LONDON, Eng.–Leading family law firm Bross Bennett is warning just how damaging digital communications can be if used incorrectly, with detrimental effects going further than recipients and online communities, and right into courts of law.
Only this week a U.S. court has slashed maintenance payments to an ex-wife because of her blog posts. Far too frequently users of social media don’t think before they post and don’t consider that once they post information, it is out there for just about anyone to see and use.
“It’s important that everyone thinks about the possible consequences before they type. They don’t think about the impact of what they have done, and we have seen first hand just how damaging the written word can be in a court of law, especially in the case of divorcing couples who send aggressive tweets, texts or emails in the heat of the moment. People need to remember that not only can these pour fuel on an already flaming relationship, they can later be used against them as written evidence. Both outcomes are hugely damaging,” sated Sharon Bennett of Bross Bennett.
If used correctly, modern technology can be very helpful. For divorcing couples in particular, texting and emailing can be a great way to help you avoid confrontational verbal conversations. Modern technology allows us the luxury of time to think and create a constructive response that can diffuse a situation and preserve your dignity, something that can be very hard face to face.”

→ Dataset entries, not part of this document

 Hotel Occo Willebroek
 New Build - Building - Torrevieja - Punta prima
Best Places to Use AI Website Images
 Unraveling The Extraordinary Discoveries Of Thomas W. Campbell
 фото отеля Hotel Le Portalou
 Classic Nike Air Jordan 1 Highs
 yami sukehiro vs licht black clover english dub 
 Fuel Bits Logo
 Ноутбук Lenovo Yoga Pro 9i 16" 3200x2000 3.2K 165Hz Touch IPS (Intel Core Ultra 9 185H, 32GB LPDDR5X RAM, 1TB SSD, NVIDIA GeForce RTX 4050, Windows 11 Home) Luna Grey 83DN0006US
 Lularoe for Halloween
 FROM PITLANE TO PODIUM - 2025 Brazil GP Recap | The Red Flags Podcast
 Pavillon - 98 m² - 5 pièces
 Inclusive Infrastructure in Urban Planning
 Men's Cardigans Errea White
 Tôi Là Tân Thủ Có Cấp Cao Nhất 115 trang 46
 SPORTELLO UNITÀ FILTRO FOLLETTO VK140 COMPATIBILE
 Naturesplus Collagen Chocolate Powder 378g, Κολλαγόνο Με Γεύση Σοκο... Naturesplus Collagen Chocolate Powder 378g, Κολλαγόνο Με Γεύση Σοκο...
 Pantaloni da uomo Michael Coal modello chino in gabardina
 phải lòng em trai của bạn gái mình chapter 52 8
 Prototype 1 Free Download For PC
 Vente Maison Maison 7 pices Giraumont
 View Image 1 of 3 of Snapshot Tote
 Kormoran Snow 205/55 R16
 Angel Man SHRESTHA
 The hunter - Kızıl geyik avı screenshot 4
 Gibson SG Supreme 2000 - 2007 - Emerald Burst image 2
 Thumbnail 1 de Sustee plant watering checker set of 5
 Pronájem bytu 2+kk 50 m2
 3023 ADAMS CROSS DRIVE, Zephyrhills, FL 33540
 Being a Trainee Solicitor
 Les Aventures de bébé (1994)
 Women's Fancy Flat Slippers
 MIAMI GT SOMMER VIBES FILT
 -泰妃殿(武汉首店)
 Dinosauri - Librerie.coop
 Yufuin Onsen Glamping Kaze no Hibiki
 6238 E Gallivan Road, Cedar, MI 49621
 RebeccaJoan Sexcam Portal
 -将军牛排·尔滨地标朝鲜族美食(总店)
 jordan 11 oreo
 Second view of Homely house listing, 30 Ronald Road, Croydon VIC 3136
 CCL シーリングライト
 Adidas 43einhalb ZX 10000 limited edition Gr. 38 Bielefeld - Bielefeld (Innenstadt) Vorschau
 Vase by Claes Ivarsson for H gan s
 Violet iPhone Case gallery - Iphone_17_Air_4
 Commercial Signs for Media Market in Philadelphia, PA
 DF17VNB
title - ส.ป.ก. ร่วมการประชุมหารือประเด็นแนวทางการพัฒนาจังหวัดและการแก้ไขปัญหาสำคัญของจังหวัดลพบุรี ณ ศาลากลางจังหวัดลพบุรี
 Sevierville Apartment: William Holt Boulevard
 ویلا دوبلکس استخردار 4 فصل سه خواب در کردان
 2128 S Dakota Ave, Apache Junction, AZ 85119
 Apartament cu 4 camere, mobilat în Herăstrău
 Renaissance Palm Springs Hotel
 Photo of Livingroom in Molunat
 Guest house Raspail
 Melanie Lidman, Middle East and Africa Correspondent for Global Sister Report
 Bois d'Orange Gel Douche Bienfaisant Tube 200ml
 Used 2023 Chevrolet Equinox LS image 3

The five steps to good social media etiquette
1. Before you post or send anything that may be inflammatory or controversial, wait for 24 hours, after which you’ll be able to consider what you’re writing more objectively. Try and think how your communication will be viewed if read out of context, perhaps by your child or a Judge.
2. Don’t respond to or initiate inflammatory language, and resist replying immediately to anything you do receive of this nature. If you feel you have to respond, adopt the 24 hour delay rule. Get your thoughts and feelings down on paper, but give yourself a day or two to reflect on your response.
3. Consider getting the input of your solicitor before you send anything other than the most simple of communications. They can give you invaluable and constructive advice and remove any sting that you may not even have been aware was there.
4. Do not ever vent your frustrations on Facebook or Twitter, where things can ‘mushroom’ and get out of hand. Anything of this nature can end up being viewed very unfavourably by a judge in a court of law and your children or family might be very hurt by it.
5. Treat correspondence as business-like and straight to the point, rather than emotional–there are better ways and places to express this.